One of my biggest lessons in my quest for healing and release from pain was that I had to learn to not do. I wanted so badly to fix it, to make it better. One thing I am good at is doing. I can DO. I can make things happen. I am good at that but why wasn’t I good at making my pain go away. I tried everything, every chiropractor, healer, and continued to look outside of myself. In some cases, the more I did, the worse it got. I realized is that one cannot make oneself heal. I had to learn to undo, unravel tension, make space. For the first time in my life I slowed down. I had to. I literally couldn’t move quickly! I listened. What was I doing all of these years on autopilot on high speed? It was clear I had been running away from myself for 22 years.

This brilliant teaching taught me to look more deeply. I went to find therapeutic yoga teachers. I tried a new yoga method that was more attuned to injury and alignment. I found some of the most influential yoga teachers of my life. They saved me. Or rather, they helped me to slowly save myself.

This surprise injury in the form of fierce grace forced me to listen, slow down, and whether I was going to like it or not, surrender. I don’t think the word surrender was in my vocabulary prior to my back injury. Surrender was obtuse, intangible and yet my intuition told me it was the only way. So, I began to do simple things like laying on my back in constructive rest and breathe full. I began to do a lot less. My yoga practice became slower and more conscious. I began to enjoying not only doing yoga but participating with the flow of breath and energy in my body.

One of my biggest lessons in my quest for healing and release from pain was that I had to learn to not do

I learned how to practice in a way that was akin to my own body. I stopped trying to force my body into picture shapes and I took a huge step back because that was all I could do.
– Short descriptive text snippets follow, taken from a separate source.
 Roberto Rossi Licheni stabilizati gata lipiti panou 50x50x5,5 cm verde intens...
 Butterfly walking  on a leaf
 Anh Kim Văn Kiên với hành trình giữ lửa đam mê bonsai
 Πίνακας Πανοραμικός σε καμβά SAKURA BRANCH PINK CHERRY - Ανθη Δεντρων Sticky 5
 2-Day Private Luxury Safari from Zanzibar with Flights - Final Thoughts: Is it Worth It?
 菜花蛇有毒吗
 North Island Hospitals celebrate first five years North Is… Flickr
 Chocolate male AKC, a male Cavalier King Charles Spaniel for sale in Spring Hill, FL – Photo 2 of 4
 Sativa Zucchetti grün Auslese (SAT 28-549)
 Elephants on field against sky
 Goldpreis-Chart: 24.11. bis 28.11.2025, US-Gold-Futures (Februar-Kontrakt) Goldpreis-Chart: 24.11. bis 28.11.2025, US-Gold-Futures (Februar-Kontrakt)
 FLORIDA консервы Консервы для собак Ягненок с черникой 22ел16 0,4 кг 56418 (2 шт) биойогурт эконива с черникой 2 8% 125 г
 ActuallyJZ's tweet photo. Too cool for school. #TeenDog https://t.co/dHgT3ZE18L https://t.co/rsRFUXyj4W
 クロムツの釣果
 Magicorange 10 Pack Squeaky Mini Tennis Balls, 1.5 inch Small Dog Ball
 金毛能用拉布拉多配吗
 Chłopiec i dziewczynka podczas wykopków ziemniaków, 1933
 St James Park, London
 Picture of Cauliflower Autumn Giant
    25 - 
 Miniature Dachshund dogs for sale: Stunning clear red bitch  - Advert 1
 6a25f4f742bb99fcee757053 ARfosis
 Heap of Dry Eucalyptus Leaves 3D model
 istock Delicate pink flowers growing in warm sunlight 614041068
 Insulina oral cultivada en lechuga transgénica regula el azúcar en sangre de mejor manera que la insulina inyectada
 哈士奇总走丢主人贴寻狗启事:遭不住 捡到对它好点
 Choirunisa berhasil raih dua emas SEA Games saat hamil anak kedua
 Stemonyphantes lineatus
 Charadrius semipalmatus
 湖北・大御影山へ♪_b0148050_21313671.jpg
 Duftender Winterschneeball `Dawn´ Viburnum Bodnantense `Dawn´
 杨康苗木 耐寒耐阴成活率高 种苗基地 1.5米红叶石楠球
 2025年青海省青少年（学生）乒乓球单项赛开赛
My body wouldn’t allow it. And, if I pushed too hard, my back would let me know.

It is curious that in my now 40’s, my back is clear. Why don’t I have pain anymore? Why don’t I feel this debilitating compression and degeneration that the doctors pretty much said would be the end of my career? How is it that my body and yoga practice feels better now than it did when I was 22? I wonder if we took an MRI if you would see the space lack of space between the discs. I am rediscint to believe there is still degeneration or at least what was present before. It is a mystery… or is it?

Once a great teacher said to us at a therapeutics teacher training, “if you want to heal, you have to believe you can heal.” I am a firm believer in that statement and the body’s innate capacity for healing, given the right environment. The body often wants to heal but we don’t even realize we are in the way.

*in no way does this blog post proclaim that we can heal from any illness or injury. I am merely sharing my personal journey of healing and the magic of yoga and letting go.